A confirmação foi feita numa entrevista à Forbes África Lusófona, na qual Vieira Té falou pela primeira vez de forma directa sobre o seu papel na estrutura do partido. O primeiro-ministro afirmou que o PPG resulta de uma “profunda reflexão” sobre o futuro da Guiné-Bissau e negou que a formação tenha sido criada para servir os interesses de uma determinada figura política.
“O PPG não foi criado para servir de instrumento a ninguém nem para funcionar como extensão, substituto ou plataforma de qualquer [outra força]”, afirmou.
A revelação ocorre num momento de transição política na Guiné-Bissau e num contexto em que o novo partido tem sido associado ao antigo Presidente Umaro Sissoco Embaló. Vieira Té rejeitou essa interpretação e procurou demarcar a nova formação da influência do ex-chefe de Estado.
Os dois mantêm uma relação política desde o período em que Vieira Té integrou o Governo de Embaló como ministro das Finanças e, posteriormente, assumiu funções como director da sua campanha eleitoral.
O actual primeiro-ministro reconheceu essa ligação, mas afirmou que ela pertence ao seu percurso político anterior e não determina as decisões que toma actualmente à frente do Governo de transição.
“Existiu confiança política e institucional entre nós e não considero sério reescrever hoje essa parte da história apenas porque as circunstâncias políticas mudaram. Mas uma coisa é reconhecer o passado; outra, completamente diferente, é permanecer politicamente subordinado ao passado”, declarou.

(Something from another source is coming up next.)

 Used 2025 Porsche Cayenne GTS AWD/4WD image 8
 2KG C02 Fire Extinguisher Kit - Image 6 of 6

Vieira Té acrescentou que mantém respeito por Umaro Sissoco Embaló, mas rejeitou qualquer relação de tutela ou dependência política.
“Hoje, as minhas decisões enquanto primeiro-ministro são determinadas por aquilo que considero ser o interesse da Guiné-Bissau”, afirmou.

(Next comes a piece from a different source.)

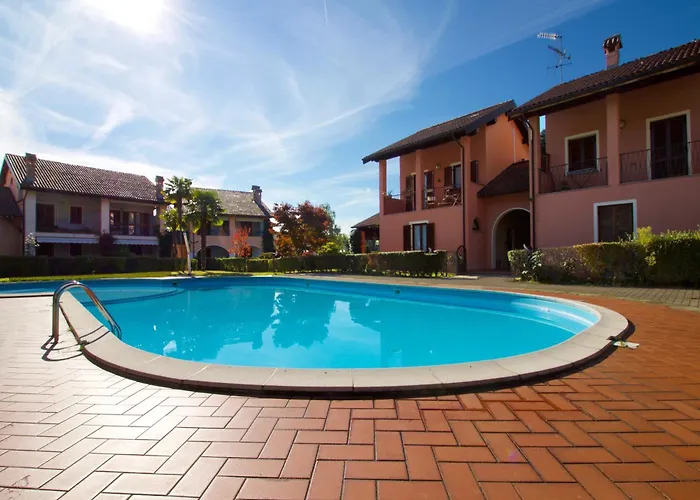 아파트 Sunflower Relax Pool And Terrace - Happy *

A confirmação da liderança do PPG coloca Vieira Té directamente no centro do novo projecto político, numa altura em que o país se prepara para uma nova etapa institucional.

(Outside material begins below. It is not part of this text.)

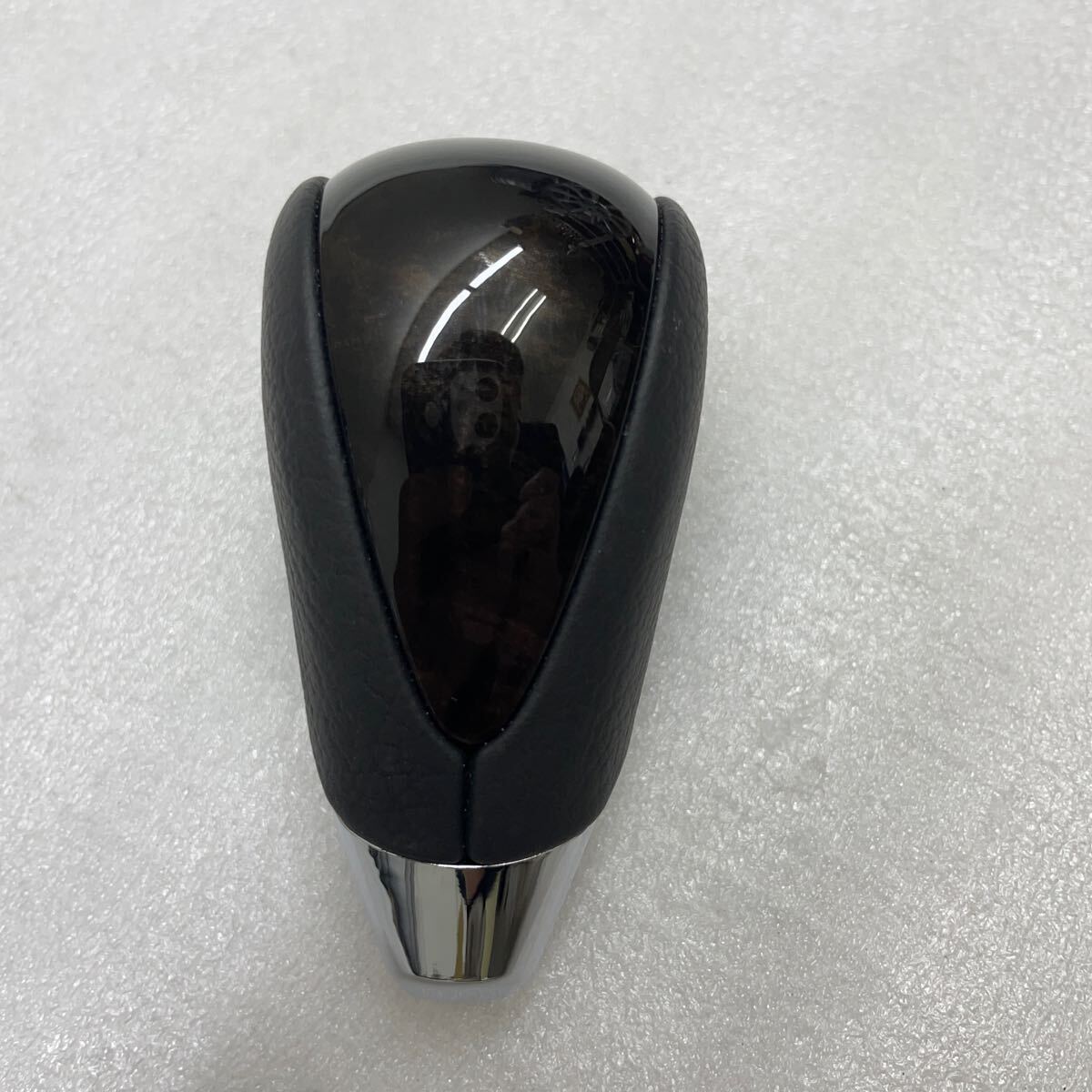 新車外し 純正 トヨタ ハイエース ダークプライム2 シフトノブ 純正 木目 新車外し 超美品 トヨタ純正 200系 ハイエース ダークプライムⅡ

Sobre uma eventual candidatura presidencial, o primeiro-ministro não anunciou uma decisão definitiva. Vieira Té afirmou manter disponibilidade para continuar a servir o país, mas indicou que qualquer decisão nesse sentido deverá ser tomada no quadro das instituições partidárias e da legislação guineense.
O chefe do Governo de transição defendeu ainda que o processo político deve conduzir o país a eleições credíveis e ao regresso da normalidade institucional.